How to understand the frequency picking in spin-boson model in the Born-Markov limit?

Question

I have been reading the book Decoherence and the quantum-to-classical transition by Maximilian Schlosshauer, section 5.3.2

A classical example is the spin-boson model which has the following Hamiltonian (g is the coupling strength) $$H=-\frac{1}{2}\Delta_o \sigma_x+\sum_i \omega_i (a_i^{\dagger}a_i)+\sum_i\sigma_z(g_ia_i^{\dagger}+g_i^* a_i)$$

We solve the master equation under the Born-Markov approximation. The decoherence rate D, as discussed in the book, is given by the following expression $$\nu(\tau)=\int_{0}^{\infty} d\omega J(\omega)coth(\frac{\omega}{2k_bT}) cos(\omega \tau)$$ $$D=\int_{0}^{\infty} d\tau \nu(\tau)cos(\Delta \tau)$$

My question is that it seems that for the calculation of D, if we do the integration on $\tau$ first, the $cos(\omega\tau)cos(\Delta\tau)$ term will produce something like $\delta(\omega-\Delta)$ (assuming $\Delta$ is positive)

This seems that only this single mode with $\omega=\Delta$ is contributing to the decoherence, and it is quite counter-intuitive, because naively I would expect that all the modes should contribute to the decoherence.
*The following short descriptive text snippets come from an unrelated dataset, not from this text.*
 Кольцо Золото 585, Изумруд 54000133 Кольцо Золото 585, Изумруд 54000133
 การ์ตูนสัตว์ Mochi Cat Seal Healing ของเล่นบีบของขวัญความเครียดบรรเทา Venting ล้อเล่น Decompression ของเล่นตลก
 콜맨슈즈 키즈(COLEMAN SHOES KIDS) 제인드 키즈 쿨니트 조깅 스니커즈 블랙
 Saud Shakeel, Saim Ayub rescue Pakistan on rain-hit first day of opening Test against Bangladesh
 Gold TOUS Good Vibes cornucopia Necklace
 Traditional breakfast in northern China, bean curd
How to interpret this result? Does anyone know any reference that discuss this problem?

Answer 1

It is true that the dissipation rate will depend only on the spectral density at the system's frequency, but that does not imply that only the mode at the system's frequency is causing the dissipation. The other modes are essential in order to guarantee that the bath's correlations decay.

Note that this feature that only the spectral density at the resonant frequency is directly relevant happens because of these approximations made, and one of those are that the bath correlation decay faster then the typical time scales of the system, and for that to happen, you need a continuum of modes.